### Required work
Line by line, restate the material word for word, omitting any image.

### Given data
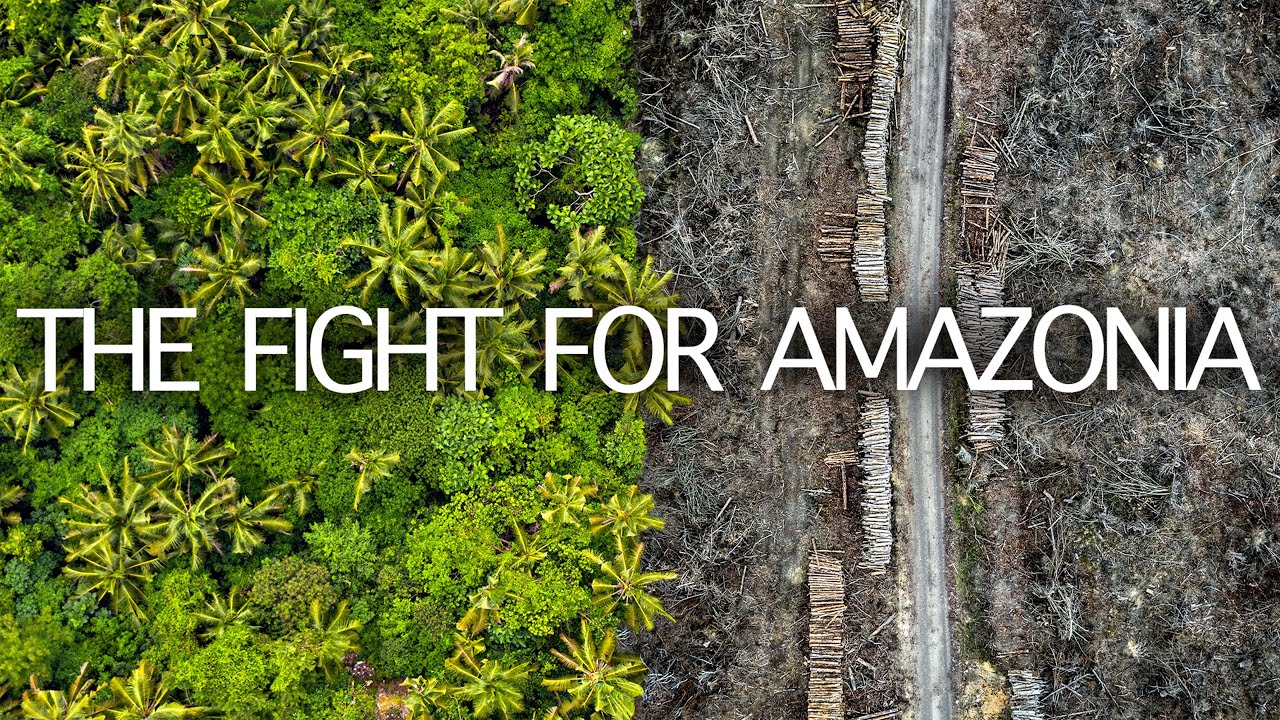 Saving the Rainforest: A Battle Against Human Greed | Seed Documentary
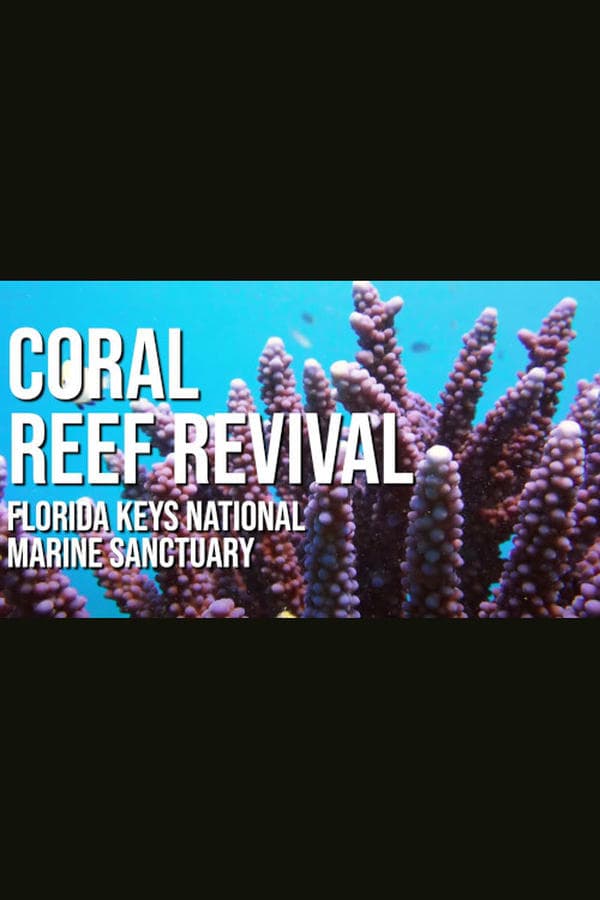 A Coral Reef Revival poster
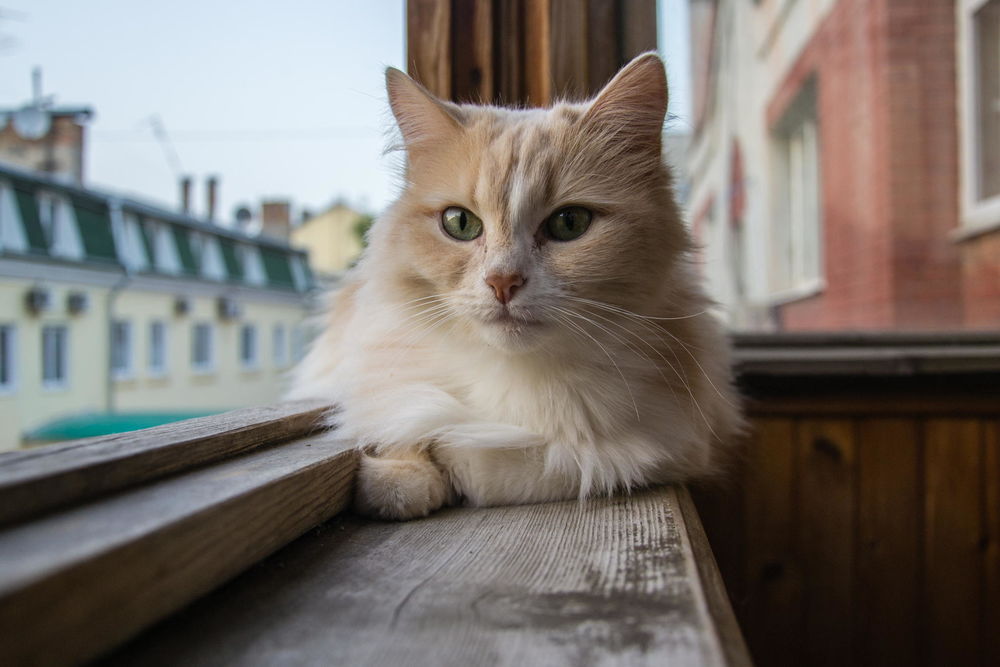 Обои для рабочего стола Кошка сидит на окне балкона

### Exercise response
 Saving the Rainforest: A Battle Against Human Greed | Seed Documentary
 A Coral Reef Revival poster
 Обои для рабочего стола Кошка сидит на окне балкона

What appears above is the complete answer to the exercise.